§ DATA:

•••

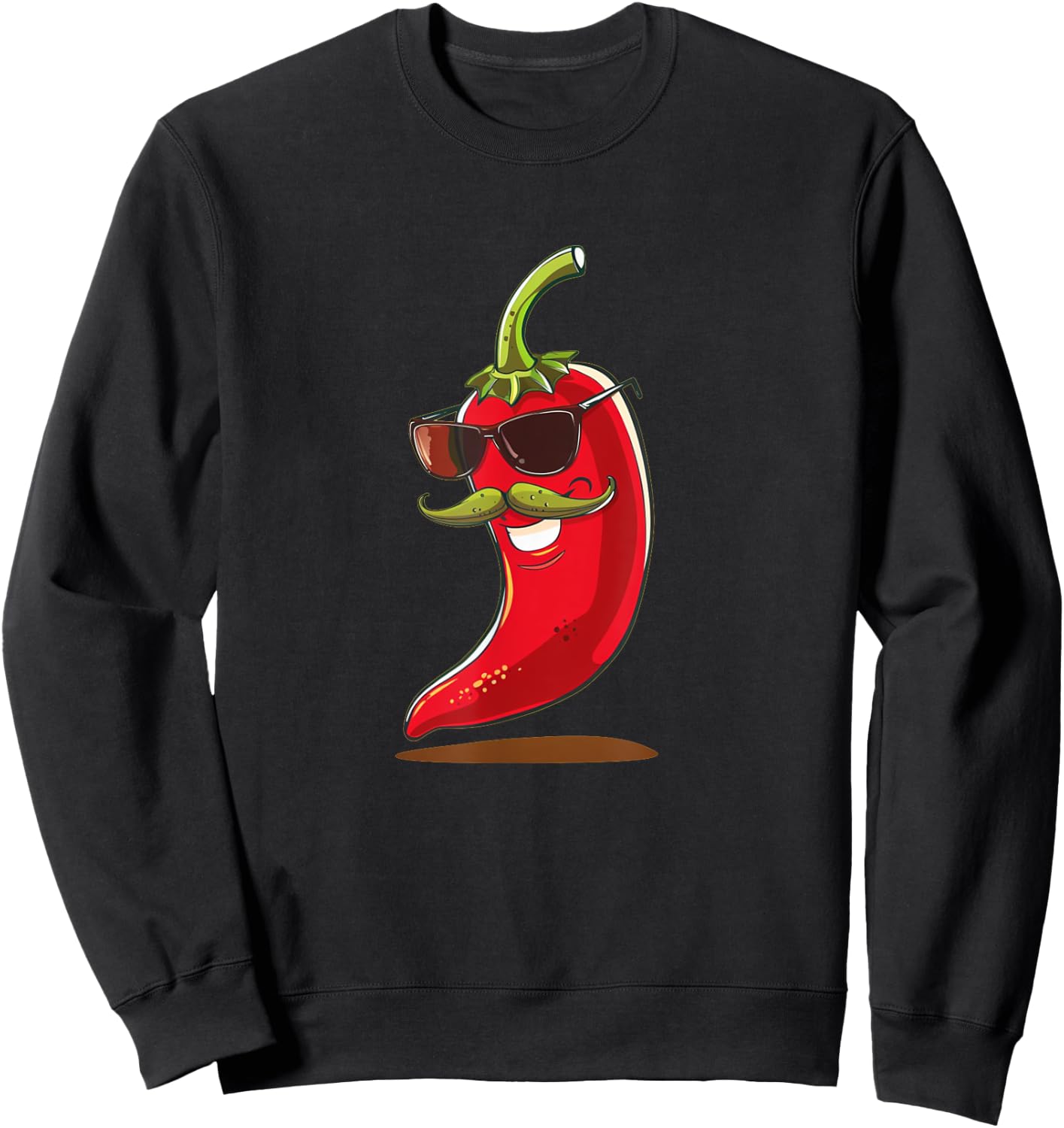 Cool Pepper with Mustache Beard Costume for Man and Woman Sweatshirt - Sweatshirt | Black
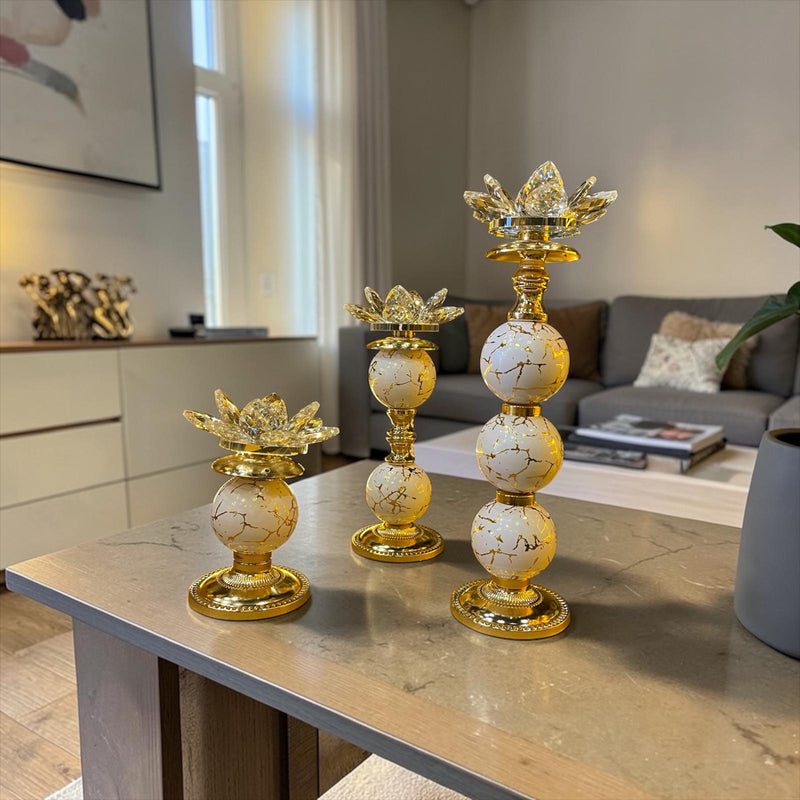 Lotus Kristal Dekoratif Şamdan Mumluk Gold Beyaz Mermer Desenli Salon Masa Dekoru
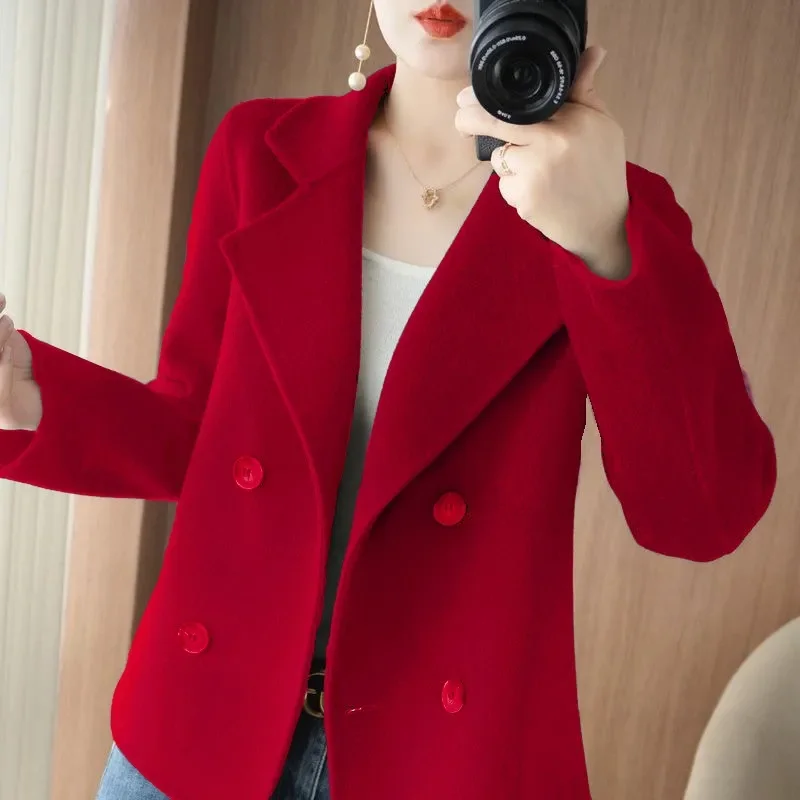 Spring Autumn New 2025 High-Grade Double-Sided Velvet Coat Female Short Slim Fashion Temperament Wool Fashion Coat  Women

•••

§ THE TASK: Drop the images, then copy the data exactly.

§ EXERCISE OUTPUT:
 Cool Pepper with Mustache Beard Costume for Man and Woman Sweatshirt - Sweatshirt | Black
 Lotus Kristal Dekoratif Şamdan Mumluk Gold Beyaz Mermer Desenli Salon Masa Dekoru
 Spring Autumn New 2025 High-Grade Double-Sided Velvet Coat Female Short Slim Fashion Temperament Wool Fashion Coat  Women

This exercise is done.